Word Count in Oriental Languages

Today you’ll learn about the standards and peculiarities of the word count in oriental languages. I made my mind to write about them separately, since they differ from others greatly.

Chinese. Writing unit in Chinese is hieroglyph. The main difficulty for word count is that hieroglyphs are not separated with spaces. This means that Chinese sentence «这是鸟» (This is a bird – 3 words) is counted like a single word, in case the word count tool counts words basing on the spaces between words (there was even a related query on the WordPress support page).

But if you think that these 3 hieroglyphs «工业化» are also a separate sentence, then you are wrong, since this is just an “industrialization”. So the most logical method of text volume evaluation in Chinese is character count. E.g. a 1000 word English text translated into Chinese will be 1300-1800 characters long. You may read more about the English->Chinese word count ratio here.

Japanese. Japanese is written in a mixture of three main systems — hieroglyphs and two syllabaries: hiragana and katakana. This makes word count even more complicated than in Chinese. So a usual word count scheme in Japanese is based on characters without spaces, which seems quite logical.

Korean. Modern Korean is written with spaces between words (unlike of Chinese or Japanese). Traditionally, Korean was written in columns from top to bottom, right to left, but is now usually written in rows from left to right, top to bottom. This means that the traditional word count scheme, when a word is counted on a spacing basis can be applied.

Other. The only East Asian language except mentioned above that has no spaces is Thai, so the job estimate is done basing on the character count. The rest languages, including all the Indian languages (Bengali, Gujarati, Marathi, Urdu, Orya, Tamil etc), Indonesian, Farsi, Arabic, Turkish and Hebrew utilize spacing, which means that words can be easily counted with a word count tool.

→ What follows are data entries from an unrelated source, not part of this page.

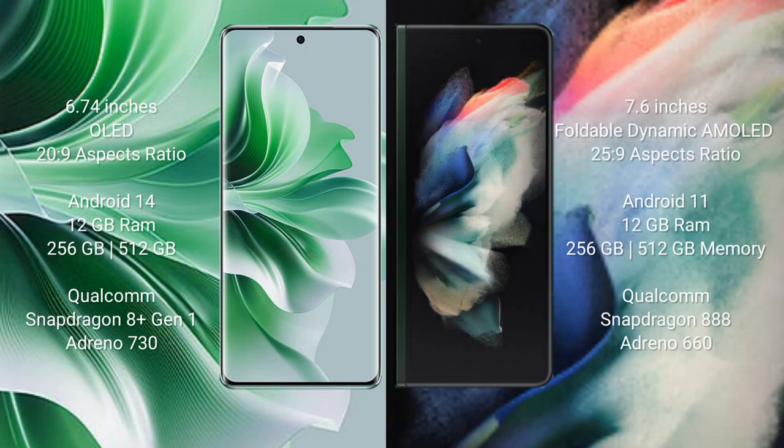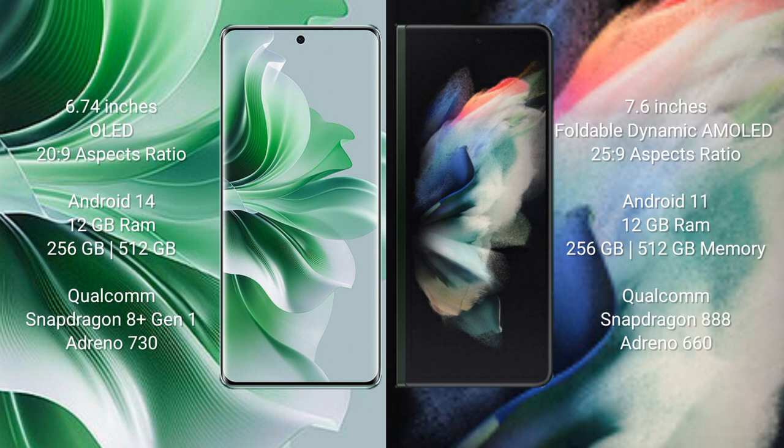Oppo Reno 11 Pro comes with 6.74 inches OLED display and aspect ratio 20:9. Samsung Galaxy Z Fold 3 comes with 7.6 inches foldable dynamic AMOLED display and aspect ratio 25:9.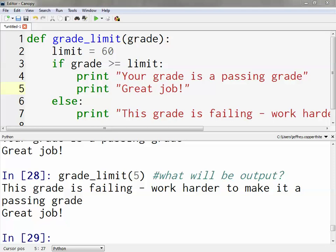In this particular activity, you're going to be practicing making functions that use if-then statements. It's also going to ask you for different types of variables. I'll let you go through the activity to see that. All right, let's do it.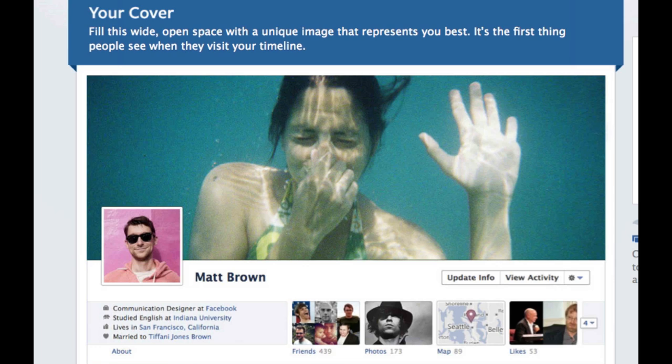Now when you first log in, you might not have the chance to take the time to find the right photo after you do the tutorial. So what we're going to do is walk you through on how to change this image that's the first thing you see when someone visits your profile.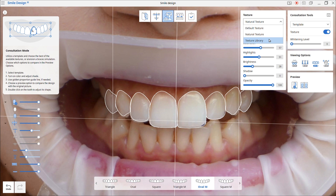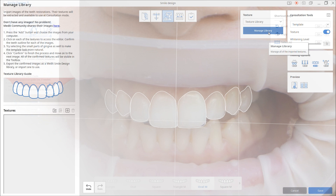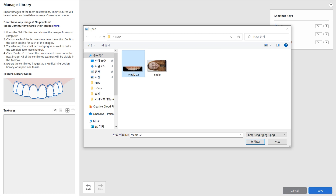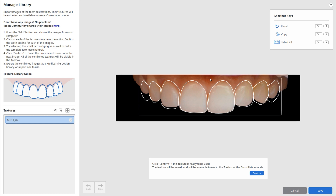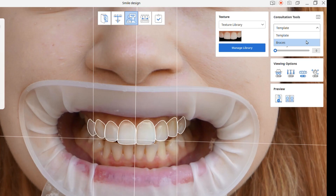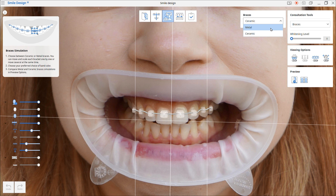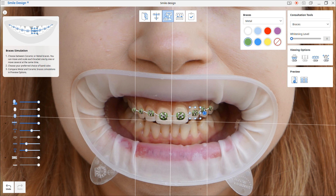Next is the texture library. You can import images of teeth restorations to extract their texture. Click the plus button to import images from your computer and register them to the texture library. Next is braces — you can choose between metal and ceramic options. Like the template simulation options, you can move the braces around and determine their location. Lastly, there is teeth whitening, which shows what the teeth would look like when whitened. Use the various simulation options and see before and after in preview.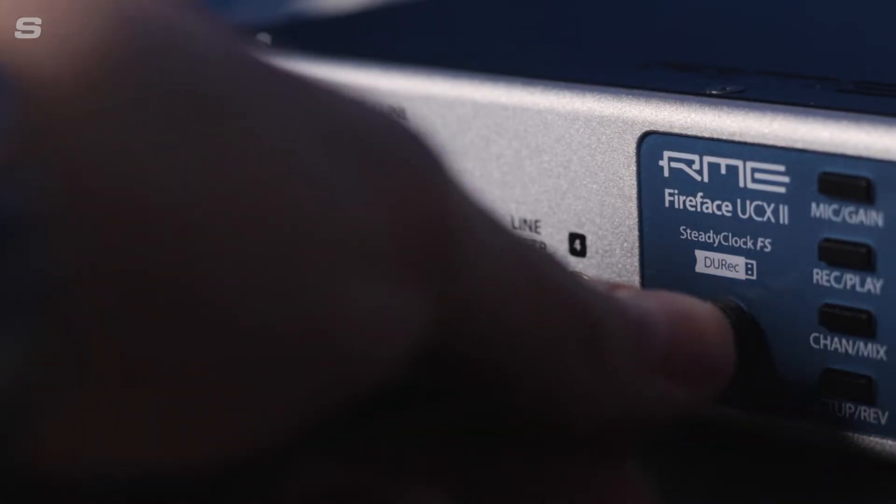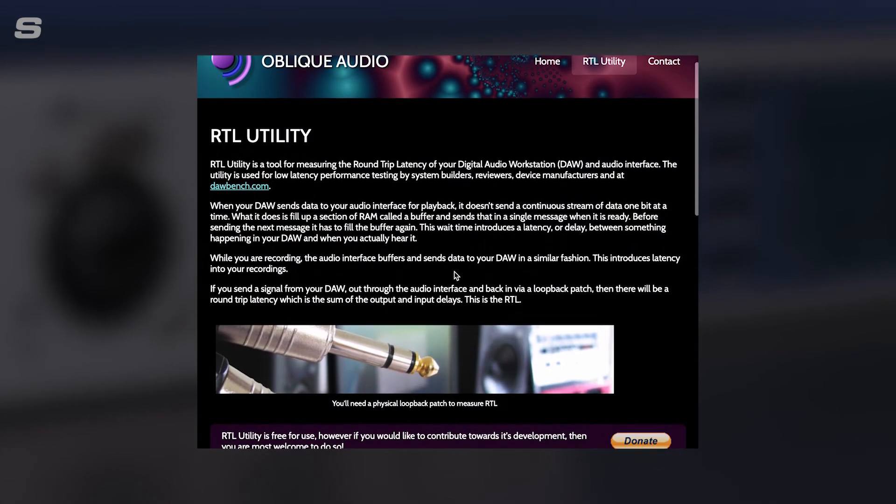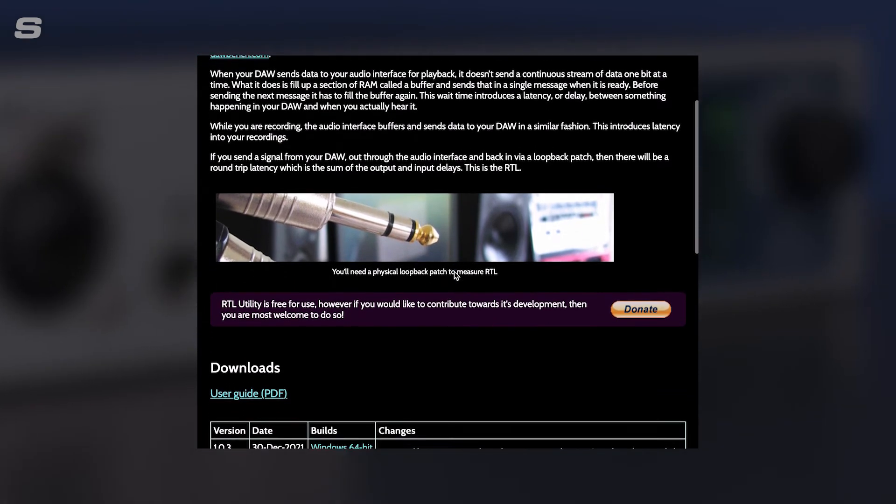One thing worth noting is latency — the time it takes for whatever you are recording to pass through your interface into your computer or DAW, back to your interface, and then to your headphones and studio monitors. With modern computers and interfaces this is done in a few thousandths of a second, or milliseconds, but if latency is too high there is an audible difference between what you are recording and what you are hearing, which can make it difficult to keep time. Latency is affected by factors including how powerful your computer is, how large the recording project is, and how many and what kind of plugins you're running. If you'd like to test the latency on your system, we recommend a free application called RTL Utility — you'll find a link in the description below.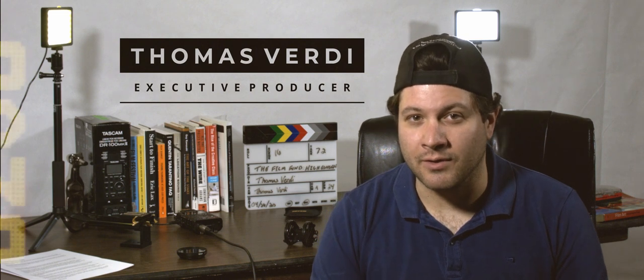Hey there filmmakers, welcome to High Concept, a show where we don't just show you filmmaking and editing techniques, we show you real producing strategies to help you get your film made. I'm your host Thomas Verdi, founder and executive producer at The Film Fund.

To sum up. Languages that don’t have spacing and require character count include: Chinese, Japanese and Thai. The rest oriental language utilize spacing and enjoy word count instead of character count.


A.C.T. 05-03-2017, 07:05

Thank you for your great points about the word / character count, and they somewhat coincided with mine! 🙂

I myself had been working as translator in the language pair of EnglishChinese, and am naturally keen on checking up the ratio between the Chinese character count and the English word count. I could suggest with a reasonable level of certainty that 1,000 Chinese characters can be approximately translated into about 600-700 English words, or 1,000 English words be translated into about 1,500-1,700 Chinese characters, variying depending on the natures of the source contents and target writing styles.